● **Supplied information**
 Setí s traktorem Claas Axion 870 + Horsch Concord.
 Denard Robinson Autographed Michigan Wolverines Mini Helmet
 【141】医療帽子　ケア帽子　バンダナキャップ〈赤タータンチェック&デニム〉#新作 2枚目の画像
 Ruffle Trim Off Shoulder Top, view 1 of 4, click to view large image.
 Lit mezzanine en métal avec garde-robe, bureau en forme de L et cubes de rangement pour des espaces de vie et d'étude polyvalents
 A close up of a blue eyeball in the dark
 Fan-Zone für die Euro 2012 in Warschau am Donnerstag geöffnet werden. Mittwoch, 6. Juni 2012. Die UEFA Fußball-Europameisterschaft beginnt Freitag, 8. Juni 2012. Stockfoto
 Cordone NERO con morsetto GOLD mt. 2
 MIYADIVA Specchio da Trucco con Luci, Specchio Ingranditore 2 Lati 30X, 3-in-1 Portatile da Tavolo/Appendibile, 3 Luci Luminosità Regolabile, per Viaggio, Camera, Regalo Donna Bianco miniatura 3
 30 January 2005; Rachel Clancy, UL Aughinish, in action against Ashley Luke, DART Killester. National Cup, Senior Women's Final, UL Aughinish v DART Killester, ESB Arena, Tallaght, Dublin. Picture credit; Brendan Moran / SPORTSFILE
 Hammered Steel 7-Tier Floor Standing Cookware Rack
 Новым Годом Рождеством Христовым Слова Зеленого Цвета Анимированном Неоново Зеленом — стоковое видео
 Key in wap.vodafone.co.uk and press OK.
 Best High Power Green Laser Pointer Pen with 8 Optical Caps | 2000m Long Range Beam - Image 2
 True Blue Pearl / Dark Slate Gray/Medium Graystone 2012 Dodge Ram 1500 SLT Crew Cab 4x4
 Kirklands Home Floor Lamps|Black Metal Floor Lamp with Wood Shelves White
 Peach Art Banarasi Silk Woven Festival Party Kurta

● **What is being asked**
Using the listing, copy every line where the word "Floor" shows up.

● **Solution**
 Hammered Steel 7-Tier Floor Standing Cookware Rack
 Kirklands Home Floor Lamps|Black Metal Floor Lamp with Wood Shelves White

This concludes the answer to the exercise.